Adis Bećiragić

Trepça
- Position: Head coach
- League: ProCredit Superliga

Personal information
- Born: 1 June 1970 (age 55) Sarajevo, SFR Yugoslavia
- Nationality: Bosnian / Turkish
- Listed height: 1.90 m (6 ft 3 in)

Career information
- Playing career: 1990–2000
- Coaching career: 2011–present

Career history

Playing
- 1990–1992: Bosna
- 1992–1993: Zenica Metalno
- 1994–1996: PTT
- 1996–2000: Ülkerspor

Coaching
- 2007–2010: Galatasaray (assistant)
- 2011–2012: Kepez Belediyesi
- 2012–2014: Darüşşafaka
- 2014: Royal Halı Gaziantep
- 2014–2016: Torku Konyaspor
- 2017–2018: Uşak Sportif
- 2020–2021: Peja
- 2020: Iraq
- 2021–2023: Ylli
- 2022–2025: Bosnia and Herzegovina
- 2023–present: Trepça

Career highlights
- As player: Turkish League champion (1998); As head coach: 4× Kosovo League champion (2021, 2022, 2024, 2025); 2× Liga Unike champion (2021, 2024); 3× Kosovo Cup winner (2020, 2024, 2025); 2× Kosovo Supercup winner (2023, 2024); Bosnian Coach of the Year (2025);

= Adis Bećiragić =

Bosnian–Turkish basketball player and coach (born 1970)

Adis Bećiragić (Turkish: Aziz Bekir; born 18 June 1970) is a Bosnian-Turkish professional basketball coach and former player who is currently the head coach for Trepça of the Kosovo ProCredit Superliga.

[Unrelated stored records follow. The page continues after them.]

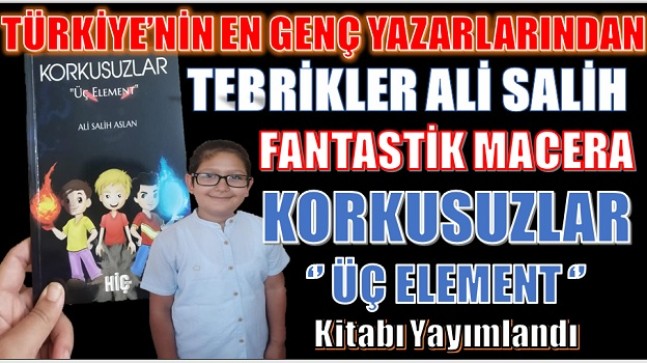 TÜRKİYE’nin en Genç Yazarlarına Bir İsimde Anamur’dan Katıldı “Ali Salih ASLAN”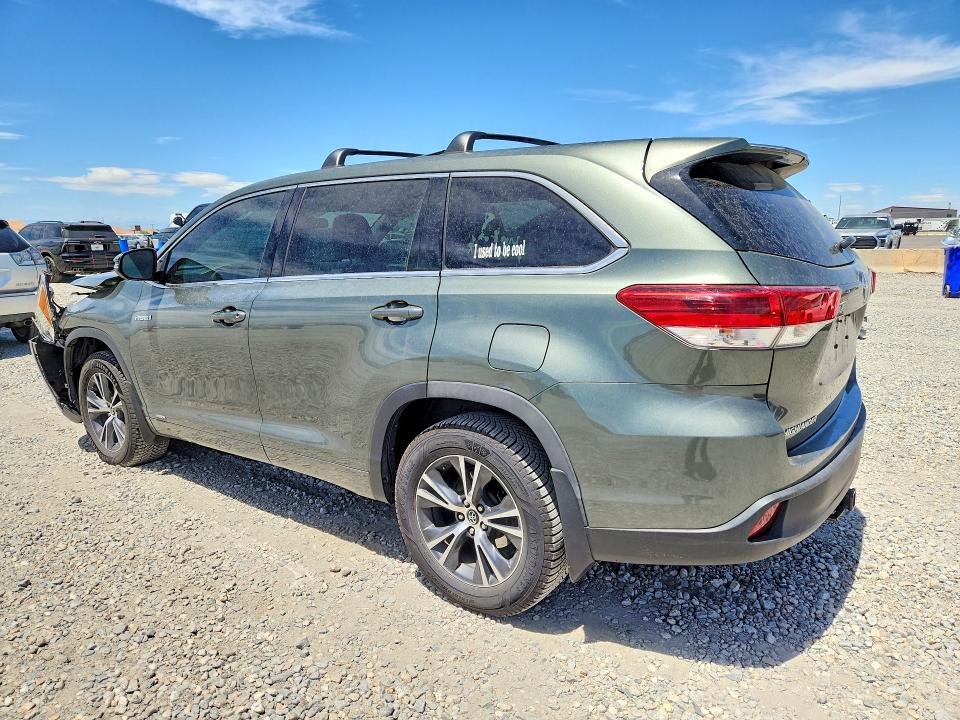 Продаж на аукціоні авто 2017 Toyota Highlander Hybrid, vin: 5TDBGRFH2HS033256, номер лоту: 57431666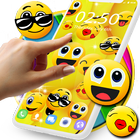 Emoji live wallpaper آئیکن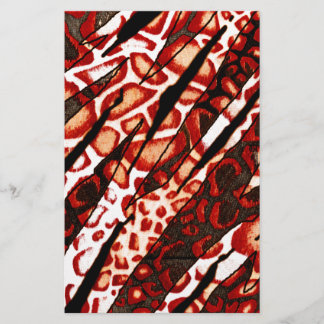 Papier Camo léopard rouge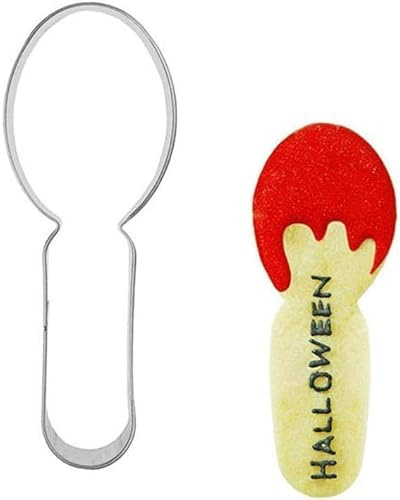 Uteruik Cortador de galletas de acero inoxidable con forma de cuchara, molde de decoración para repostería, herramientas para hornear fondant, vajilla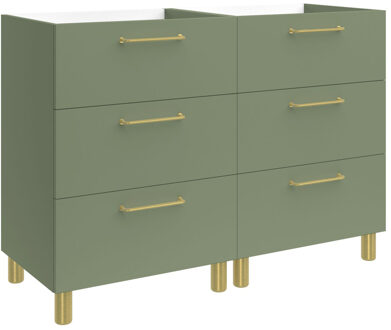 Allibert Wastafelonderkast Allibert Kobo 120 cm Eucalyptus Groen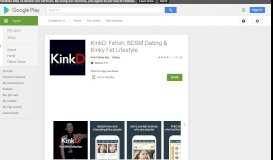 
							         KinkD: Fetish, BDSM Dating & Kinky Fet Lifestyle - Apps on ...								  
							    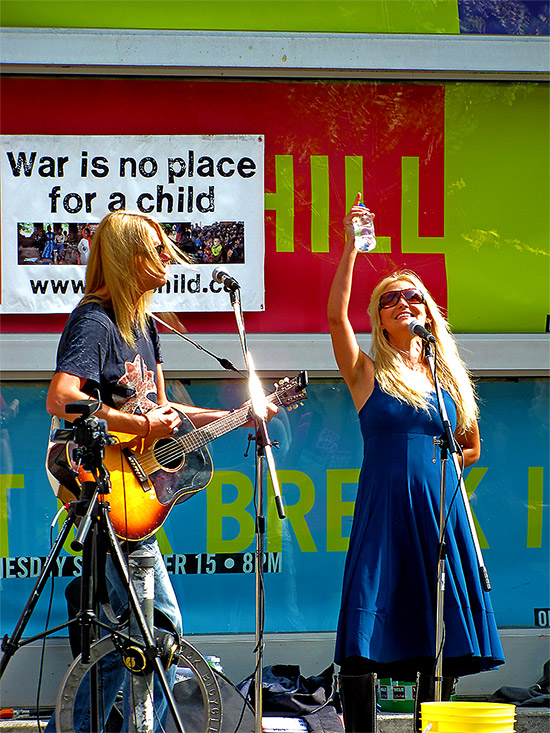 sass jordan, busking, john street, much music building, warchild.org, toronto, city, life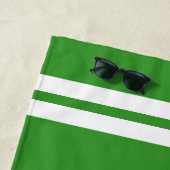 サッカーカスタムの子供 ビーチタオル (インサイチュ)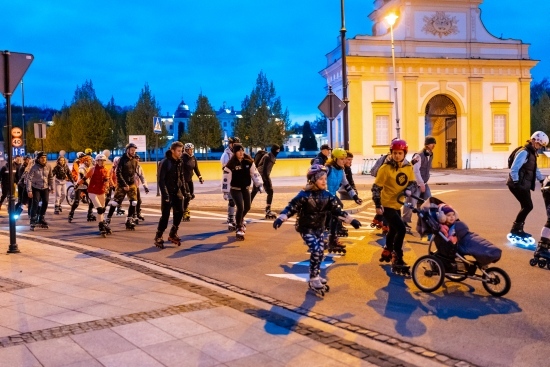 2024.04.21 - Nightskating - nocny przejazd na rolkach ulicami Białegostoku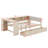 Platform Bed With Storage Shelves, Drawers, Charging Station And Upholstered Headboard-1262080401-1262080406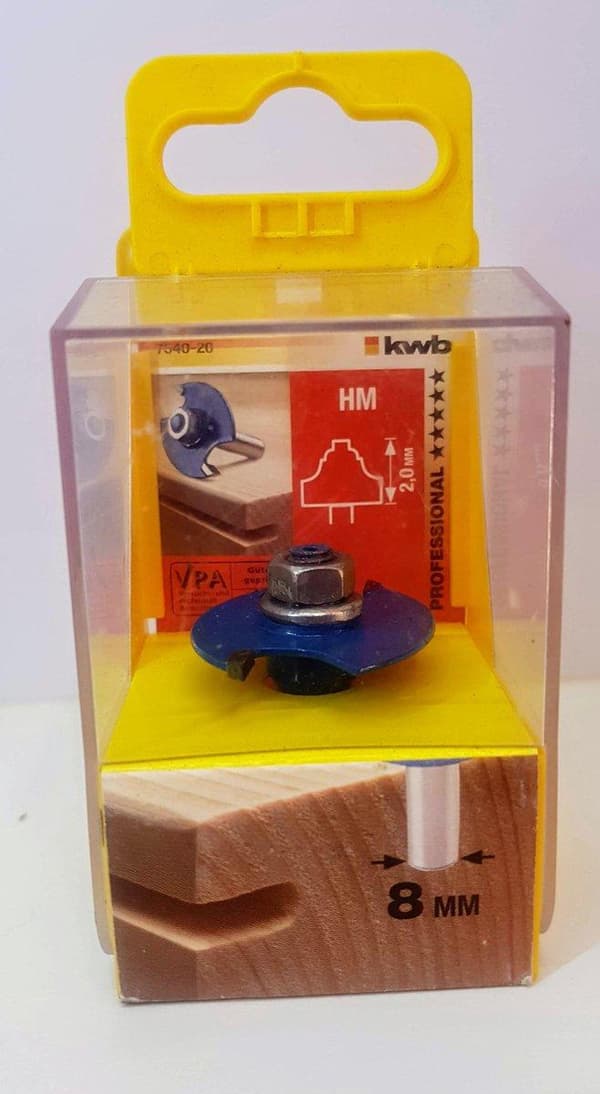 kwb 754020 spårfräs 2 mm (754020)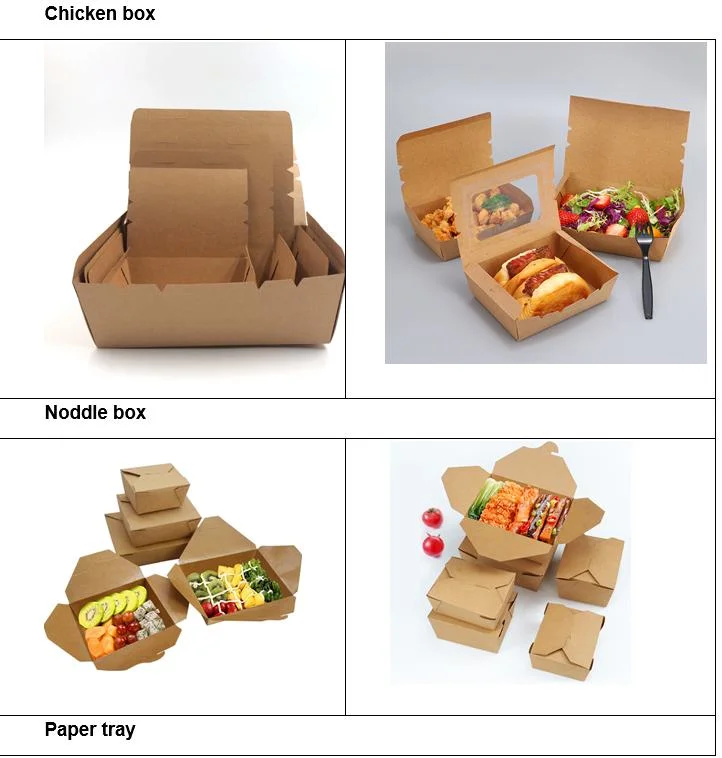 Automatic Food Boxes Takeaway Packaging Disposable Lunch Box Machine Fast Food Box Making Machine
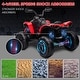 preview thumbnail 25 of 33, 12V Kids Ride on ATV, ElectriaSpeedy Ride on Car Toys Licensed by Bombardier
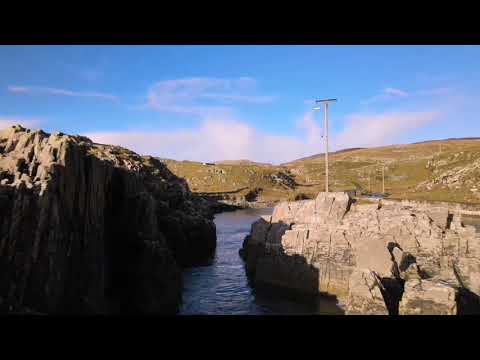 Inishturk Island Co. Mayo from the air.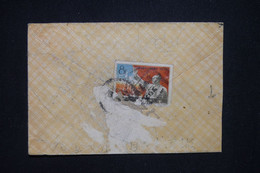 CHINE - Timbre Mao ( 2ème Choix) Au Verso D'un Enveloppe En 1960  - L 129910 - Brieven En Documenten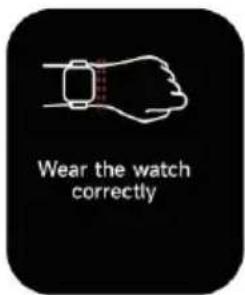 Wear the watch correctly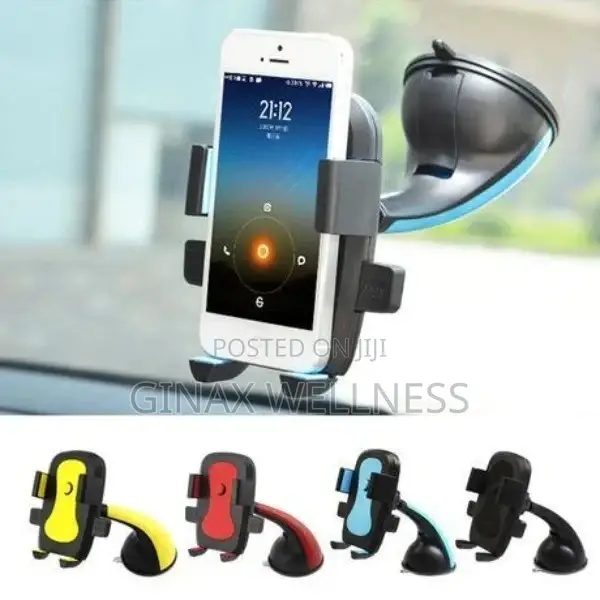 Automatic Car Phone And GPS Holder With Suction Cup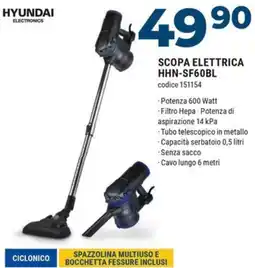 Sinergy Scopa elettrica Hyundai Electronics HHN-SF60BL offerta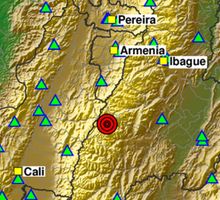 Sigue actividad sísmica en el Tolima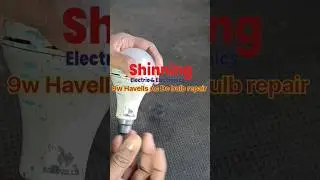 havells 9 watt Ac Dc bulb repair #havells #ytshorts #shortsvideo #ytshorts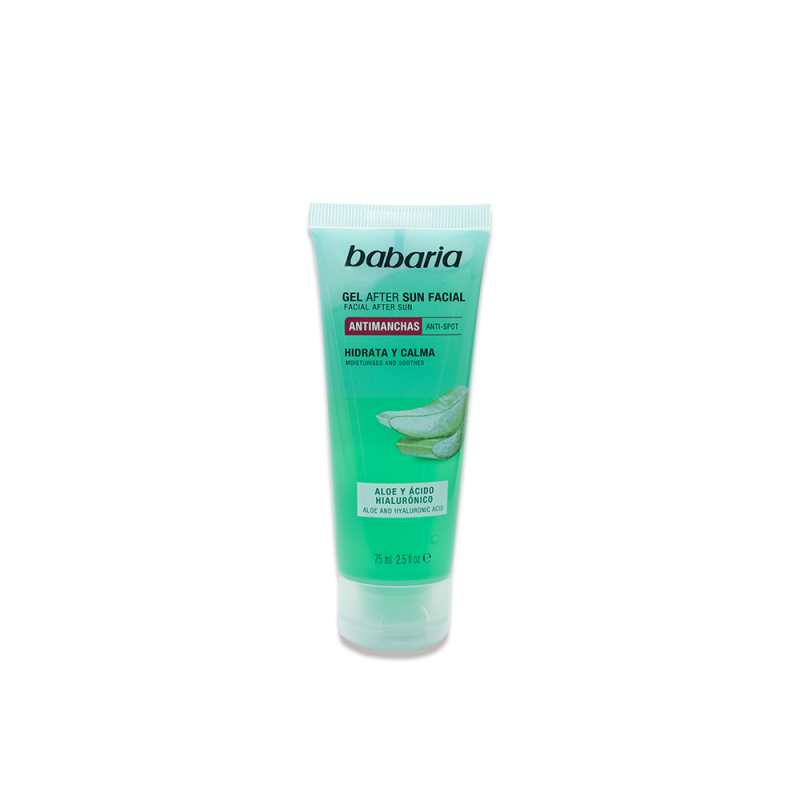gel-apres-soleil-aloe-vera-visage-75ml-babaria-nova-para-pharmacie-maroc-prix-livraison BABARIA Gel Après Soleil Aloe Vera Visage 75ml Soin Apaisant Hydratation Réparation – Image 1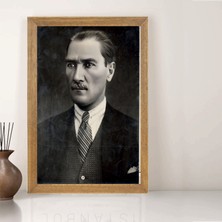 Lioncraft Mustafa Kemal Atatürk Tablo, Çerçeveli Cam Tablo 40X60 cm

He was a backbone player of the Bosnia and Herzegovina national team team during the 1990s. Bećiragić ended his playing career in 2000, and has worked as a basketball coach since 2007.

==Professional career==
Born in Sarajevo, SFR Yugoslavia in 1970, Bećiragić started his professional career at former European champions Bosna in 1990. He spent the rest of his career playing for Zenica Metalno, and in Turkey for PTT and Ülkerspor.

Bećiragić was a pivotal member of the Bosnia and Herzegovina national team, and played at the EuroBasket 1993, 1997 and 1999. Bosnia and Herzegovina managed to reach the quarter-finals of the 1993 edition.

==Coaching career==
Bećiragić started his coaching career as an assistant to Murat Özyer at Galatasaray. He was head coach of Torku Konyaspor between 2013 and 2016, and was head coach for Uşak Sportif from 2017 to 2018.

Bećiragić was appointed head coach of the Bosnia and Herzegovina men's national team in June 2022, ahead of the EuroBasket in September. The team ultimately failed to qualify for the EuroBasket knockout stage. In February 2025, he managed to qualify Bosnia and Herzegovina for the EuroBasket 2025.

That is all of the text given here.